AMD Ryzen 4000 benchmark shows it will be 20 percent faster than Ryzen 3000
It is a rumor, yes, but it has been around the Internet for a few weeks and now it is taking some body from various sources that have come out to bring some more light to the matter. The truth is that it is reported that the new Ryzen 4000 processors that will carry the Zen 3 architecture could be up to 20% faster than the current Ryzen 3000. Where would these processors gain that performance?
The architectural changes in Zen 2 have been the greatest since Zen architecture as a central pillar was put on the market. Even so, it is clear that AMD has to improve the small counterpoints that its processors still have, and apparently this is going to start quite importantly with Zen 3.
Although we insist that they are rumors and as such you have to take them with tweezers, they are taking shape to the point of becoming quite specific with the points where these new processors would be faster. From Zen + to Zen 2, AMD promised a 15% improvement in IPC, something that we have already seen and verified that it is not such, where in almost no scenario this figure is achieved.
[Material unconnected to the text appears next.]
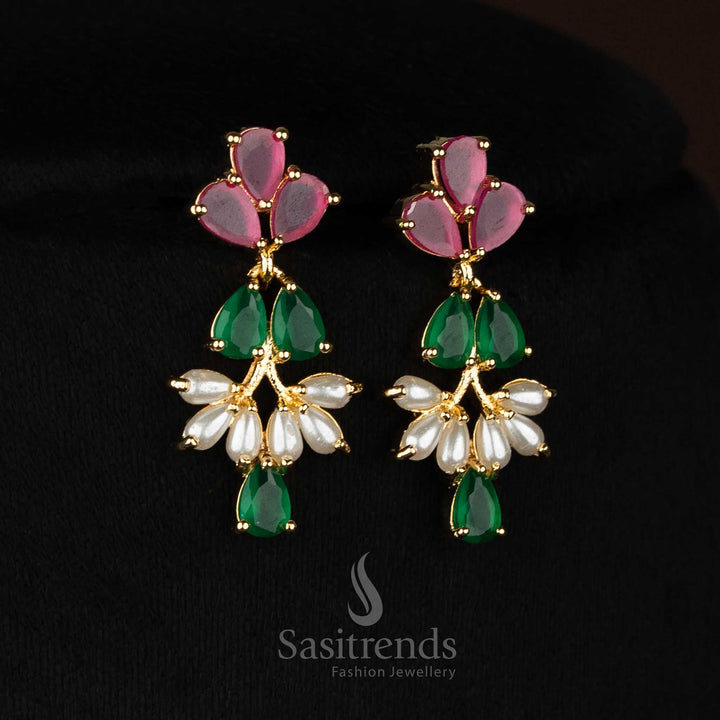 Reception legange wear 24k micro gold plated american diamond pearl floral link ruby green necklace set by Sasitrends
But it is true that there has been an important step forward in terms of increasing instructions per cycle, to the point of obtaining between 8% and 10% on average, an equally wide jump.
Now, from various sources it is indicated that Zen 3 would get another jump even larger than promised with Zen 2 by AMD at the time. Specifically, there is talk of 17% more CPI, and although not all the points in which the architecture improves to detail this figure are specified, the first indications of where the news could go are given.
There is an increase in yield in the calculation of integers that could reach up to 12%, with 10% being an average figure that could be more in line with reality. An increase of this size requires a much more complex and faster FPU, as it seems it will be, since the first data on the performance of this encrypt it in nothing more and nothing less than 50% higher than Zen 2.
The improvement in FPU is, in principle, too great in our opinion and surely very optimistic, but what seems more likely given the lithographic leap that will occur with Zen 3 and thanks to TSMC, are the 100 or 200 MHz that the sources claim that the new Ryzen 4000 will have more than the current Ryzen 3000.
Apparently, this information comes directly from some samples that have been seen on some servers by way of engineering and beta tester versions.
What seems that it will not change even if EUV technology is involved is the fact that they will share the same cores as Zen 2. Therefore, this would leave us with 16/32 for the mainstream range and 64/128 for the Server range and HEDT.
If all the filtering is true, Intel with Ice Lake-S will not be able to respond to the push of Lisa Su’s, where they currently have a hard time competing in IPC and have lost the battle of the performance in the computation of cores, only remaining the gaming bastion for the most frequent.
Keep in mind that Ice Lake is expected, although it will have a higher CPI, will carry Intel’s 10 nm and stipulates that the frequencies are lower. In any case, 2020 will be the year where we are going to see the greatest technological leaps in CPU in many years and it will be the starting signal for a much closer competition than we currently have, which is to say.